# Object Detection

Object detection is a computer technology related to computer vision and image processing that deals with detecting instances of semantic objects of a certain class (such as humans, buildings, or cars) in digital images and videos. Well-researched domains of object detection include face detection and pedestrian detection. Object detection has applications in many areas of computer vision, including image retrieval and video surveillance. [(Source: Wikipedia)](https://en.wikipedia.org/wiki/Object_detection)

![head_image](images/obj1.jpg)

## Basics of Object Detection

### Image Classification using Convolutional Neural Networks (CNNs)

In deep learning, a convolutional neural network (CNN, or ConvNet) is a class of deep neural networks, most commonly applied to analyzing visual imagery. They are also known as shift invariant or space invariant artificial neural networks (SIANN), based on their shared-weights architecture and translation invariance characteristics. They have applications in image and video recognition, recommender systems, image classification, medical image analysis, natural language processing, and financial time series.

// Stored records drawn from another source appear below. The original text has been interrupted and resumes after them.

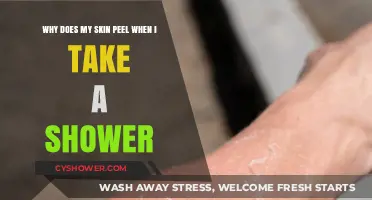 Shower Skin Peeling: Causes and Solutions for Healthy Skin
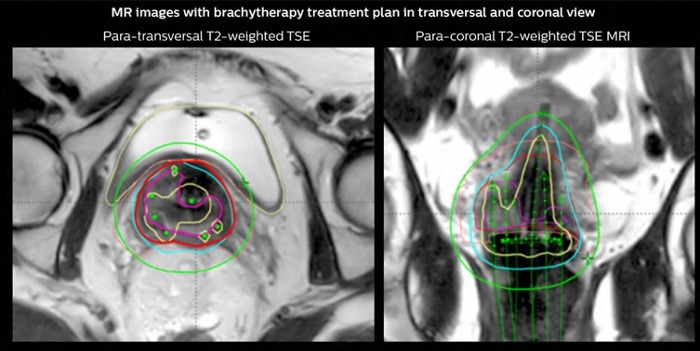 3D MRI-guided brachytherapy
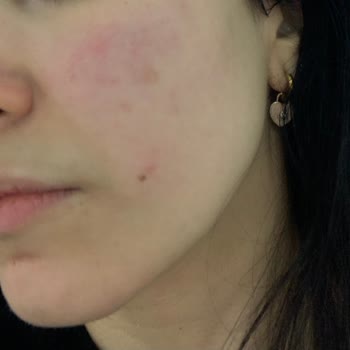 Perfetto Güzellik Salonu Gebze Vasat Cilt Bakımı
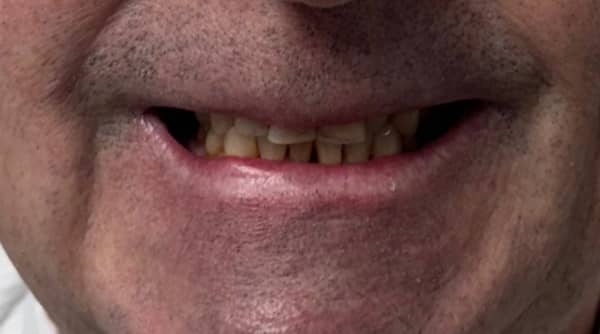 Before - The Beresford Dental Clinic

Convolutional Neural Networks have gained a lot of popularity & attention in recent years. They have been employed in many supervised and unsupervised learning problems. Image Classification is the task where we CNN to classify images into different categories. Image Classifications using CNNs is the first step in Object Detection. Example: Train the CNN to classify images of dogs and cats.

![cnn](images/cnn.gif)

### Localization of object in the image

Localization is the part of object detection where a specific object's location is detected in a given image. There are multiple approaches to detect the object in a given image. 

One may ask is the neural network supposed to detect the object in the image by it's own since it performs feature extraction and learns hidden features by its own. 

The answer is **No**. 

![ti](images/ti.gif)

It is because of the primary architecture of the traditional CNN which only focuses on learning the features as they occur in an image and does not care about where it occurs. 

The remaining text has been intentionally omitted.